Num estudo recentemente apresentado pela Universidade de Aveiro “está prevista uma redução de 10% nos recursos hídricos no território do litoral e de 30% no interior, dentro de 30 anos”. “É uma quebra brutal”, assinala o membro da Zero, criticando o “exagero” que se tem verificado na plantação de culturas permanentes, sobretudo olival e amendoal, “mais gastadoras de recursos hídricos”. E lembra que os caudais do Guadiana em território nacional “estão muito dependente dos débitos vindos de Espanha, quando se sabe que os escoamentos naturais estão a sofrer uma redução” na bacia do rio ibérico.
Do outro lado da fronteira “estão piores que nós e consomem muito mais água que nós”, observa José Paulo Martins, que diz recear o aparecimento de comportamentos extremos, como já observou no Alentejo há duas décadas e meia. Nessa altura, recorda, “estivemos à beira de uma guerra de água” nos locais onde se acentuou a seca extrema, situação que, no tempo presente, “não deixa de ser uma possibilidade”.

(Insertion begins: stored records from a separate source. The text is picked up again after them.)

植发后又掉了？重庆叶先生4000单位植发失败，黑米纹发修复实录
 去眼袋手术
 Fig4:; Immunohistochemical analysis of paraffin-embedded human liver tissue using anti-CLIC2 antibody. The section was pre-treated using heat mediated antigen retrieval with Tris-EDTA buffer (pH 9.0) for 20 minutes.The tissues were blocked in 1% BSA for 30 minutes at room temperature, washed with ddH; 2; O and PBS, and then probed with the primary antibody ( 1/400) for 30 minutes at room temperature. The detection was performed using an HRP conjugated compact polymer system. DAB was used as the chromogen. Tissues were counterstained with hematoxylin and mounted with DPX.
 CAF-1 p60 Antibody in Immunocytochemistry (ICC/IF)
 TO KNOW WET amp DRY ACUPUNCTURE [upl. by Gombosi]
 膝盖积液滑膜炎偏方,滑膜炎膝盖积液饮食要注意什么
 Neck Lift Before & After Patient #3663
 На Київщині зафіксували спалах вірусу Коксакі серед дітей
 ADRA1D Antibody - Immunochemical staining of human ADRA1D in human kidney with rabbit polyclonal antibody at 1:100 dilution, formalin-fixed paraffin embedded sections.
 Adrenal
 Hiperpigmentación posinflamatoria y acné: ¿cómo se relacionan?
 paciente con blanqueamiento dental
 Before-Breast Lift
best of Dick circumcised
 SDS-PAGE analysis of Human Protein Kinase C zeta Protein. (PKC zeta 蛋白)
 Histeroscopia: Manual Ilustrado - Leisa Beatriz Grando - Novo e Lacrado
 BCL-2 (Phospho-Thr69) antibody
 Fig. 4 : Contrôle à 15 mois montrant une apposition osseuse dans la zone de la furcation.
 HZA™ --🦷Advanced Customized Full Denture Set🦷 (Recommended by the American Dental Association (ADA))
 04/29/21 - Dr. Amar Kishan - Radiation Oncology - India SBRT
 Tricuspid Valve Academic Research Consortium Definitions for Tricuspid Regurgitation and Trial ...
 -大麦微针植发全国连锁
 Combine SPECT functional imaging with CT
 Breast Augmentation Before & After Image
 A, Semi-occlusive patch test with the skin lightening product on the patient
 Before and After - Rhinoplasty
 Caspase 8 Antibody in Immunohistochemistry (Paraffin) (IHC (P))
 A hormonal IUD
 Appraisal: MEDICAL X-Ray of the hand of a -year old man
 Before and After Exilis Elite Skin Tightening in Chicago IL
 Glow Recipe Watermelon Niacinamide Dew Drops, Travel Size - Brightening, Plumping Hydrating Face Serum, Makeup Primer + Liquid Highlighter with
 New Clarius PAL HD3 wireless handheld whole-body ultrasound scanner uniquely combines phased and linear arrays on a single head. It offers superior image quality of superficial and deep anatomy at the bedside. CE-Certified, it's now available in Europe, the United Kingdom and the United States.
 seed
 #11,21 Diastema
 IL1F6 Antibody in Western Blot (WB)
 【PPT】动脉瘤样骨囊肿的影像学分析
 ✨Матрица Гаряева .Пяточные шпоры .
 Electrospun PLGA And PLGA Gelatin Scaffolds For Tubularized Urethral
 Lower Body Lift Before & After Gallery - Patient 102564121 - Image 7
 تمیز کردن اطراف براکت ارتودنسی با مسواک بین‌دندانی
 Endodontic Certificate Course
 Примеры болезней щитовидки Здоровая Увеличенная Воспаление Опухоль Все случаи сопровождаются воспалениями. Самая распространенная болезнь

Em tempos de escassez de água “ninguém vai deixar morrer as árvores” e o “desespero” de quem as plantou levará “à abertura de furos ou de outras soluções mais drásticas”, como explicou ao PÚBLICO João Banza, agricultor em Aljustrel: “Há 15 anos, andei a cavar o fundo de um ribeiro seco para ter alguma água.” Nessa altura, nos blocos de rega do Roxo e de Odivelas, foi necessário o rateio de água porque não chegava para todos. “É uma loucura suportar o regadio em tais condições”, realça o agricultor.
O PÚBLICO solicitou esclarecimentos ao Ministério da Agricultura, que remeteu todas as explicações para uma conferência de imprensa marcada para 28 de Novembro na sede da EDIA, em Beja.